Que le conférencier se le tienne pour dit. Nous serons traitées comme des demeurées à ses risques et périls.
Réunion de famille
C’est la fête des mères, des pères, ou une autre occasion semblable au cours de laquelle on est supposé se retrouver en famille dans la joie et dans le bonheur.
— Tu vas dans ta famille?
Non. Je ne fréquente pas ma famille.
— Ah bon? Pourquoi?
Sont pas fréquentable. De un. Z’ont admirablement et diablement bien échoué dans leur rôle de parents. De deux.
— Tu sais, ils ont fait ce qu’ils ont pu, ils t’ont donné ce qu’ils pouvaient, sûrement.
J’aime bien le « sûrement ». Cette personne ne connaît pas mes parents, ne connaît pas mon histoire.
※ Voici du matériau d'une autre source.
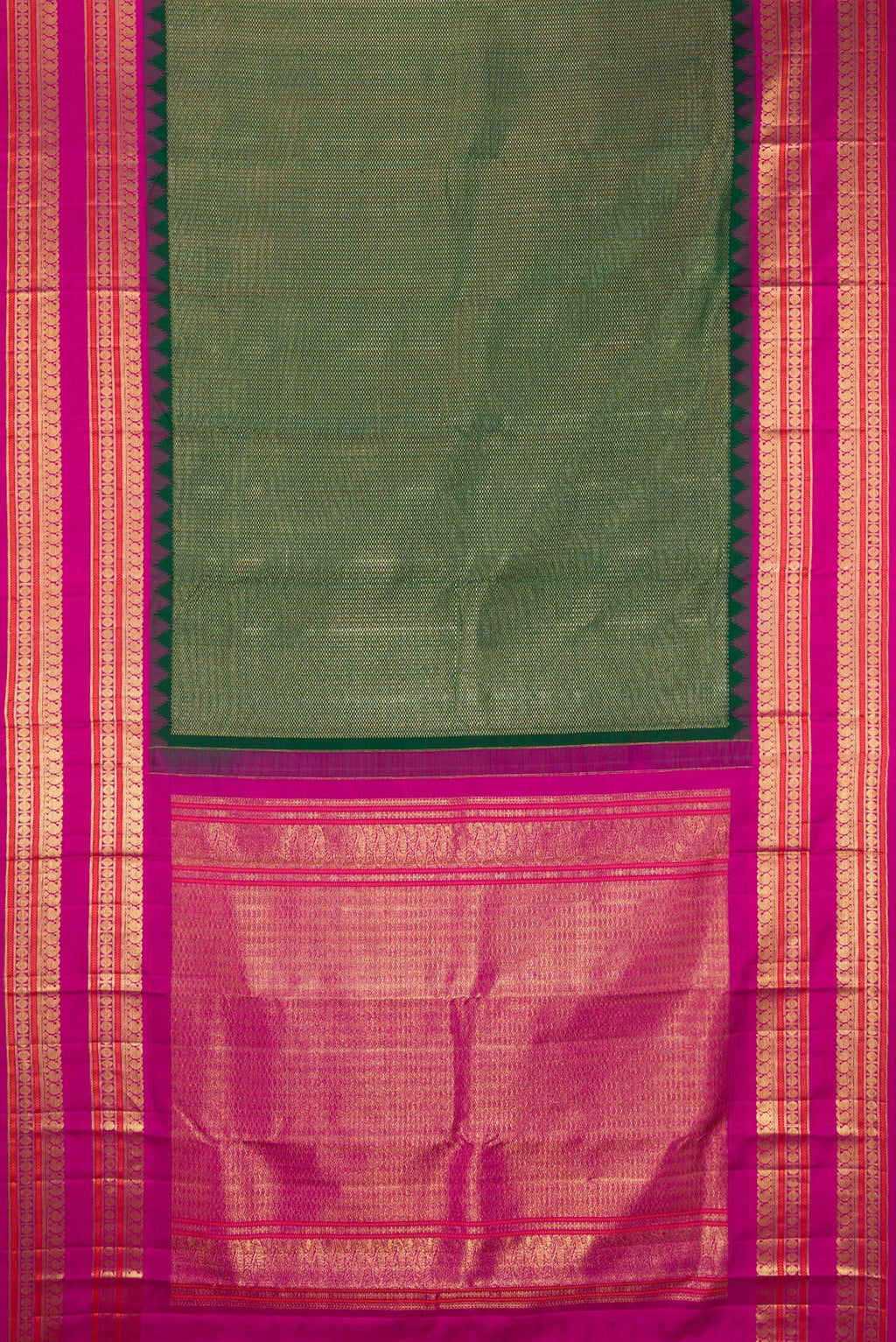 Flat view of Pure Silk Bottle Green Kanchipuram Saree with Zari Brocade on the body and Fancy Border.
Pourtant, elle mettrait sa main au feu que mes parents sont des gens corrects, pas parfaits, mais corrects.
Well, ils ont merdé. Franchement. Beaucoup. Énormément. Peut-être sans le vouloir. Peut-être sans le savoir. Mais ils ont merdé. Dans cette société, pour certains crimes, on reconnaît des degrés (meurtre avec ou sans préméditation, par exemple) et on ajuste la peine en conséquence. Mais il y a peine. Et je trouve que de ne pas fréquenter mes parents est une peine bien clémente. Considérant.